ICICI Bank: (Recommended by Motilal Oswal, Anand Rathi & Kotak Securities) The stock is not expensive yet compared to its historical average, trading at a price to book value of 2.1. The company's loan growth is expected to remain healthy at 17% year-on-year , while margins too are expected to remain stable in the near future.
IOC: (Motilal Oswal) IOC trades attractively at 8.8 times its 2015-16 estimated earnings. We expect marginal sharing of 2% of the subsidy by oil marketing companies for 2014-15 and 2015-16, with the rest being shared by upstream and the government.
L&T: (Anand Rathi & Kotak Securities) It has the best diversified play on infrastructure revival and hence, remains poised to gain from traction in infra spending. The company has been the most consistent performer in the pre-poll period, yielding average returns of 23% in the three months prior to each of the last five elections and outperforming the market by about 11%.
Infosys: (Emkay & Motilal Oswal) The software major beat the Street by reporting fourth quarter profit at Rs 2,992 crore, up 4% on a sequential basis while net profit grew 25% on a y-o-y basis. Despite the high-level exits at the company, 'the success with the sales effectiveness initiative will help rebuild and restore confidence on the Infosys recovery story.

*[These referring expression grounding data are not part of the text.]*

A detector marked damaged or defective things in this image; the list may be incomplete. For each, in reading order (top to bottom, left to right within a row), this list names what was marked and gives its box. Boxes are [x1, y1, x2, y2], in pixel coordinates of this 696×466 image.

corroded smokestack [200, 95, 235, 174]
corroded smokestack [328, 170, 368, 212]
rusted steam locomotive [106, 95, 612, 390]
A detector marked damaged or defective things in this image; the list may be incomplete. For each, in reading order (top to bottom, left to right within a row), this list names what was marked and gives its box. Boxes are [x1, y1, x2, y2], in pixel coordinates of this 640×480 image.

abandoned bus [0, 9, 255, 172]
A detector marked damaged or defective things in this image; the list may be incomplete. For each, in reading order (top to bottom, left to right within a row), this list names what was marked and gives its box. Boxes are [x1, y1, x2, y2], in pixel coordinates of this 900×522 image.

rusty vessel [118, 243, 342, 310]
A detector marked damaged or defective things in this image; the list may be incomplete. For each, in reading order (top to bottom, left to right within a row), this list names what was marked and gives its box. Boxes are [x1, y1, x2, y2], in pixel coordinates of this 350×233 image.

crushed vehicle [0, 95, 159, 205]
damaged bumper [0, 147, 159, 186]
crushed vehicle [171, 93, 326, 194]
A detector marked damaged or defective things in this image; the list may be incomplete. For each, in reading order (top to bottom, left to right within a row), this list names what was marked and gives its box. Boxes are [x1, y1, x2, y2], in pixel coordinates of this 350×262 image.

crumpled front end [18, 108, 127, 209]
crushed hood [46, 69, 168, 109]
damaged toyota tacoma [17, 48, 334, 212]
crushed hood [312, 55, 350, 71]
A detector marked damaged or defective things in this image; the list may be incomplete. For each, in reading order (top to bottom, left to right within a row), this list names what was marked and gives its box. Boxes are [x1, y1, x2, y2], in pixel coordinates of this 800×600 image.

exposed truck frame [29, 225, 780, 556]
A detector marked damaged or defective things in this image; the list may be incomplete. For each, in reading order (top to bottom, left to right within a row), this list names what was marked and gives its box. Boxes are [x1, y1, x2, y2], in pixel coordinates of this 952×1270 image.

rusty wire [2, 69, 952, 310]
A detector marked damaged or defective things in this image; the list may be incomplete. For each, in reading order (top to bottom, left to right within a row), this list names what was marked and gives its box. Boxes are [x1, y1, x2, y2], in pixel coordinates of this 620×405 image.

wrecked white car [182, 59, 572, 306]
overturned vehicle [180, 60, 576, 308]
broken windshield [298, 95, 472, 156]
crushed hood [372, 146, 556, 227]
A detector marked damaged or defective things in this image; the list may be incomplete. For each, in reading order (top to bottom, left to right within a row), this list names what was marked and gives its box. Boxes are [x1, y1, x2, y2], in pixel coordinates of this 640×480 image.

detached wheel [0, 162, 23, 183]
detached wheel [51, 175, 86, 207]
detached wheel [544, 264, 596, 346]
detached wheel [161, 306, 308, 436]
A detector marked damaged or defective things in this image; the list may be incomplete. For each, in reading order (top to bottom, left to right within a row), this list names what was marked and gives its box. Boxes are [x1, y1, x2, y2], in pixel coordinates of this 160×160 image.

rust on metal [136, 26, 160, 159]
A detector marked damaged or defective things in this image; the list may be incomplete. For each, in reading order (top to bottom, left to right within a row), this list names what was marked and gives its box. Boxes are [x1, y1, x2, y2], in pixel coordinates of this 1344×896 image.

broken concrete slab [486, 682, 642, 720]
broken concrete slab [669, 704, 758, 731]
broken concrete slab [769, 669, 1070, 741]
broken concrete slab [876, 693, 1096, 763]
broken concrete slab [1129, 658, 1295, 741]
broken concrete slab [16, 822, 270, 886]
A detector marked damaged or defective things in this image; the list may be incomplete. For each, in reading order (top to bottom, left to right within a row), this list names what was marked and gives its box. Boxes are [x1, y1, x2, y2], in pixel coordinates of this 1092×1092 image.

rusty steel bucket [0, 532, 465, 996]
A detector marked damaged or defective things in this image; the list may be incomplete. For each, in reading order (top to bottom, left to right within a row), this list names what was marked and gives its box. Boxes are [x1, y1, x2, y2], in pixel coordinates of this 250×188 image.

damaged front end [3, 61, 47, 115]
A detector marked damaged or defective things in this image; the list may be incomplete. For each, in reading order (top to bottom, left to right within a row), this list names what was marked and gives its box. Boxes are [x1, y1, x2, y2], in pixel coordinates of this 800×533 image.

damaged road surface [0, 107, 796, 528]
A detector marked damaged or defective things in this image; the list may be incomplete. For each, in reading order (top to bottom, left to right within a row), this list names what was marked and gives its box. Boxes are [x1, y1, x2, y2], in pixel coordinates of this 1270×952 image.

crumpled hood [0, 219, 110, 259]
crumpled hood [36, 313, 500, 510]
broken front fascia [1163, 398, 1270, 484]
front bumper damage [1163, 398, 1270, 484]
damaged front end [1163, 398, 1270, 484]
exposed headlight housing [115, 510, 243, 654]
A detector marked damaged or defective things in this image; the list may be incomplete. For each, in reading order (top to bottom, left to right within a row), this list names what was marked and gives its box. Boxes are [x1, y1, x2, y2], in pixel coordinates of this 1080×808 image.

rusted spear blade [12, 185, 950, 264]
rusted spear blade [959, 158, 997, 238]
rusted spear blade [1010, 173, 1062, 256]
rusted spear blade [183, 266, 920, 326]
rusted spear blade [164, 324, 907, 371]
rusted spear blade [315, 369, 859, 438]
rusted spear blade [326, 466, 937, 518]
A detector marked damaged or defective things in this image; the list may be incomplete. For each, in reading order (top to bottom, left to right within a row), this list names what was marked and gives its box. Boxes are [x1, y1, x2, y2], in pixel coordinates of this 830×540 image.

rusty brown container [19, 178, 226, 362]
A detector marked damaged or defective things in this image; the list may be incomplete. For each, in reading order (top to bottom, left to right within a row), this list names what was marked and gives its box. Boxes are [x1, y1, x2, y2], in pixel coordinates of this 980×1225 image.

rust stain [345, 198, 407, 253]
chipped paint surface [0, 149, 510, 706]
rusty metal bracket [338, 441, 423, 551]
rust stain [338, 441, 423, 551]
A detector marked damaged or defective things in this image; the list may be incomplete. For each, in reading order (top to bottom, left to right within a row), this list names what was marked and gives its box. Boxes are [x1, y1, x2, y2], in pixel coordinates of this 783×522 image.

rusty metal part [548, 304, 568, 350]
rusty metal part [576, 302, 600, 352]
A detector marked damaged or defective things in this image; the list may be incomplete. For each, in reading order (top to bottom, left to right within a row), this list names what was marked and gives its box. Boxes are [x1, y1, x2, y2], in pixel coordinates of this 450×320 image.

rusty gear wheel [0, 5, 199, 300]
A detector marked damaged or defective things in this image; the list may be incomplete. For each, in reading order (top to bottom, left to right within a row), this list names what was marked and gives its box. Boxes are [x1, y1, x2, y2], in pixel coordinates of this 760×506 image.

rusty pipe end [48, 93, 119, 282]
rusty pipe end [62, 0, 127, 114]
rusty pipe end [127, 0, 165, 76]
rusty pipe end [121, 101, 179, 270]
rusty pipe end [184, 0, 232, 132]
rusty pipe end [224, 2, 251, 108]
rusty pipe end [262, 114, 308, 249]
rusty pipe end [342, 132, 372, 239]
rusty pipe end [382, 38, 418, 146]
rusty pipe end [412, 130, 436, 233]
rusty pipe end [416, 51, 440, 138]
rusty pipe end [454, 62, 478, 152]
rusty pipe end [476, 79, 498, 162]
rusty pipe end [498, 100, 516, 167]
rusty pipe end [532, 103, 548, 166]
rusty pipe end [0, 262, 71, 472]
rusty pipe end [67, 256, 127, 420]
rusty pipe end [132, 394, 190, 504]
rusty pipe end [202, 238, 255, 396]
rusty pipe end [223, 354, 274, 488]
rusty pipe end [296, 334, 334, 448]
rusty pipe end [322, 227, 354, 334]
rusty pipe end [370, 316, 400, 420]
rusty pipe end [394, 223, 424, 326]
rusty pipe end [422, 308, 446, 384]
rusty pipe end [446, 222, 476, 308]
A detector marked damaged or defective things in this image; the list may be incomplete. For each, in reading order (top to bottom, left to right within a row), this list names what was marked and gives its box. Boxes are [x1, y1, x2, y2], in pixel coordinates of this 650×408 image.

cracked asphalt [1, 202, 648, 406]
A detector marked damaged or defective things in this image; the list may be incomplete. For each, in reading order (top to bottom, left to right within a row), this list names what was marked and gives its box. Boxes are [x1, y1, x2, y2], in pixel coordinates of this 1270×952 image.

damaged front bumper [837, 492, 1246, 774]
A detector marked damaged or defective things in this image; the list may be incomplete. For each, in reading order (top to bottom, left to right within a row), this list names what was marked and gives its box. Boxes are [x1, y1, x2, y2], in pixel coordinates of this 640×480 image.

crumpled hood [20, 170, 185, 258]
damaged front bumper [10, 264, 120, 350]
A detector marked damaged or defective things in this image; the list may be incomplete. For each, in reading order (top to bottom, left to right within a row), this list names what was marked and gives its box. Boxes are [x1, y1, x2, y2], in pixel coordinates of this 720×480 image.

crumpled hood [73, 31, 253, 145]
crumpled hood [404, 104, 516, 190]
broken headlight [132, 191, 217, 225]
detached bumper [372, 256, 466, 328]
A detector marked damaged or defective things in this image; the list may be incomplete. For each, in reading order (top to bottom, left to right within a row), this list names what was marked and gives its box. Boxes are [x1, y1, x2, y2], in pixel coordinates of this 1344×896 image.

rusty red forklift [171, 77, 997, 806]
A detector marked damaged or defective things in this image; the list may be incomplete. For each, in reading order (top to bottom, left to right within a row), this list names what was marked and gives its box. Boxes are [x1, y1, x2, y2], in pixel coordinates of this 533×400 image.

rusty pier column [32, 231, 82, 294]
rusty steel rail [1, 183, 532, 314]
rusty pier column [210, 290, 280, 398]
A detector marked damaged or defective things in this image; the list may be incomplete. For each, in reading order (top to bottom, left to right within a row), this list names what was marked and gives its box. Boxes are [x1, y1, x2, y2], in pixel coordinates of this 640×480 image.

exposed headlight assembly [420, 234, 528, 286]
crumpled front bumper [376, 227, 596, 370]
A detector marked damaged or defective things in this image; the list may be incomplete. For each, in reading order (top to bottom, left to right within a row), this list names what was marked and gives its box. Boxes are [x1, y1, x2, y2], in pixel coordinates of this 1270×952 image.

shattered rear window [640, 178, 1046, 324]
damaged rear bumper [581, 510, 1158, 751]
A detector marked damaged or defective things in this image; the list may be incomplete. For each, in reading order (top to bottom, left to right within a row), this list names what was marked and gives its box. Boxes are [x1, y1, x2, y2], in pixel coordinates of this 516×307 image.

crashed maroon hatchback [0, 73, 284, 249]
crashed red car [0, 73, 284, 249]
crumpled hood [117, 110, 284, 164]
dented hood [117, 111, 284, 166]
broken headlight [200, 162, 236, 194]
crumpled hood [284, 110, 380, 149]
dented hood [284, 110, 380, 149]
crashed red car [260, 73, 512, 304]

Zee Entertainment: (Edelweiss, & Emkay) Structural change in the sector through digitisation, rising ARPU (average revenue per user), increase in the market share in advertisement, sticky subscription revenue and strong returns ratios are the essential positives. Consolidated revenue is expected to grow at 14% between 2013-14 and 2015-16, while profit after tax is expected to grow at a rate of 19% during the same period.
Motherson Sumi: (Edelweiss & Emkay) The company is an efficient auto ancillary player with global presence, competent management and strong execution. EBITDA margins stand at 10.1% and is expected to rise in to mid-teen levels.
Sun Pharma: (Anand Rathi & Motilal Oswal) The acquisition of Ranbaxy makes it the biggest in the domestic market with a 9% market share and revenues of about $1 billion. Given Sun's track record in turning around distressed assets like Taro and DUSA, high-quality management and consistently good results, the odds are in favour of Sun turning around Ranbaxy's operations too.